Exercise directions
Only the lines from the one containing "Buy Black Moon Chronicles" through the end of the data belong in the answer; reproduce them exactly.

Saved data entries
"""

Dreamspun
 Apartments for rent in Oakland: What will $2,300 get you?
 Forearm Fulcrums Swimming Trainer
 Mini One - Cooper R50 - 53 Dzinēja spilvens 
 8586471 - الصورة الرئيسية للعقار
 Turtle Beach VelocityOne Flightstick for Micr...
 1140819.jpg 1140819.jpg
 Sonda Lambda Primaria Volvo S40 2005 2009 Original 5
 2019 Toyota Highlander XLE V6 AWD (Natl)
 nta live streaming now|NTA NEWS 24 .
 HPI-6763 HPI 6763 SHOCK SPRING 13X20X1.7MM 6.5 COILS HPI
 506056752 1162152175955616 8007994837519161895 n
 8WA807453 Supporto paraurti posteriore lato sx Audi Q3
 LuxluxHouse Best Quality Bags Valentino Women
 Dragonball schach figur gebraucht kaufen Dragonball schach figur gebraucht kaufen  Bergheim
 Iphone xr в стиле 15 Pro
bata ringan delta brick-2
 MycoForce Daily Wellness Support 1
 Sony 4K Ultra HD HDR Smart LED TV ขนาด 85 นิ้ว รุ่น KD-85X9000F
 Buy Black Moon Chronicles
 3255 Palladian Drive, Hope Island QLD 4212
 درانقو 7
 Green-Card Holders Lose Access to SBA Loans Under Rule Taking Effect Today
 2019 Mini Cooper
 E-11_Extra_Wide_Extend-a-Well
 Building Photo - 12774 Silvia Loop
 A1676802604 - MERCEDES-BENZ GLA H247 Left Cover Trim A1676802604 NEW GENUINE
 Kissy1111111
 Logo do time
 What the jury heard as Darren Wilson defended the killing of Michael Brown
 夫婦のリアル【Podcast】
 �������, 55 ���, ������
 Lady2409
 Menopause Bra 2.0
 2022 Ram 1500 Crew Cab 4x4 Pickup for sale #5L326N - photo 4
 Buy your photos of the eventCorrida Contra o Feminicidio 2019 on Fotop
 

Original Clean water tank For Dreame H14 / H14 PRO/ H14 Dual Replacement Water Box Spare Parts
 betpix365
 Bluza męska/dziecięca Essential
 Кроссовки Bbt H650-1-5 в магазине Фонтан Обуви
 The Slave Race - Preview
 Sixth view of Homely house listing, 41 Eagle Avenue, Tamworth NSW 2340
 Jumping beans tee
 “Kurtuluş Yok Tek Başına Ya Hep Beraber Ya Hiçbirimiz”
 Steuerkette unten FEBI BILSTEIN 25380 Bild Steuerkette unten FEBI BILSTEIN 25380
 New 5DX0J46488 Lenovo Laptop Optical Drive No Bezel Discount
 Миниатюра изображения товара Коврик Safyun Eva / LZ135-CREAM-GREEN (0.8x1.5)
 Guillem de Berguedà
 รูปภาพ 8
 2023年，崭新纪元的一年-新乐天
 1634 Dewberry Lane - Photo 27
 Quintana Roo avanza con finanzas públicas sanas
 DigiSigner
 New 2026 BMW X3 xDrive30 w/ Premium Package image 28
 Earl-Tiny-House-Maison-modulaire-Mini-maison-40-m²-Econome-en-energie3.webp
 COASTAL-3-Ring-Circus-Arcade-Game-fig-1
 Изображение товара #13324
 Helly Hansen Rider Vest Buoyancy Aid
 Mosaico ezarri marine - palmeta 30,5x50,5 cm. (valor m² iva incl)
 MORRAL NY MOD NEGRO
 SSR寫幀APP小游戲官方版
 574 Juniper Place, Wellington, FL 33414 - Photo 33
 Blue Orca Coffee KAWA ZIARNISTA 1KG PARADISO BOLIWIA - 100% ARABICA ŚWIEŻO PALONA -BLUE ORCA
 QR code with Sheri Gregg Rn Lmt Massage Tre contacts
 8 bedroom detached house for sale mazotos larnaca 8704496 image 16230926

"""

Response below
 Buy Black Moon Chronicles
 3255 Palladian Drive, Hope Island QLD 4212
 درانقو 7
 Green-Card Holders Lose Access to SBA Loans Under Rule Taking Effect Today
 2019 Mini Cooper
 E-11_Extra_Wide_Extend-a-Well
 Building Photo - 12774 Silvia Loop
 A1676802604 - MERCEDES-BENZ GLA H247 Left Cover Trim A1676802604 NEW GENUINE
 Kissy1111111
 Logo do time
 What the jury heard as Darren Wilson defended the killing of Michael Brown
 夫婦のリアル【Podcast】
 �������, 55 ���, ������
 Lady2409
 Menopause Bra 2.0
 2022 Ram 1500 Crew Cab 4x4 Pickup for sale #5L326N - photo 4
 Buy your photos of the eventCorrida Contra o Feminicidio 2019 on Fotop
 

Original Clean water tank For Dreame H14 / H14 PRO/ H14 Dual Replacement Water Box Spare Parts
 betpix365
 Bluza męska/dziecięca Essential
 Кроссовки Bbt H650-1-5 в магазине Фонтан Обуви
 The Slave Race - Preview
 Sixth view of Homely house listing, 41 Eagle Avenue, Tamworth NSW 2340
 Jumping beans tee
 “Kurtuluş Yok Tek Başına Ya Hep Beraber Ya Hiçbirimiz”
 Steuerkette unten FEBI BILSTEIN 25380 Bild Steuerkette unten FEBI BILSTEIN 25380
 New 5DX0J46488 Lenovo Laptop Optical Drive No Bezel Discount
 Миниатюра изображения товара Коврик Safyun Eva / LZ135-CREAM-GREEN (0.8x1.5)
 Guillem de Berguedà
 รูปภาพ 8
 2023年，崭新纪元的一年-新乐天
 1634 Dewberry Lane - Photo 27
 Quintana Roo avanza con finanzas públicas sanas
 DigiSigner
 New 2026 BMW X3 xDrive30 w/ Premium Package image 28
 Earl-Tiny-House-Maison-modulaire-Mini-maison-40-m²-Econome-en-energie3.webp
 COASTAL-3-Ring-Circus-Arcade-Game-fig-1
 Изображение товара #13324
 Helly Hansen Rider Vest Buoyancy Aid
 Mosaico ezarri marine - palmeta 30,5x50,5 cm. (valor m² iva incl)
 MORRAL NY MOD NEGRO
 SSR寫幀APP小游戲官方版
 574 Juniper Place, Wellington, FL 33414 - Photo 33
 Blue Orca Coffee KAWA ZIARNISTA 1KG PARADISO BOLIWIA - 100% ARABICA ŚWIEŻO PALONA -BLUE ORCA
 QR code with Sheri Gregg Rn Lmt Massage Tre contacts
 8 bedroom detached house for sale mazotos larnaca 8704496 image 16230926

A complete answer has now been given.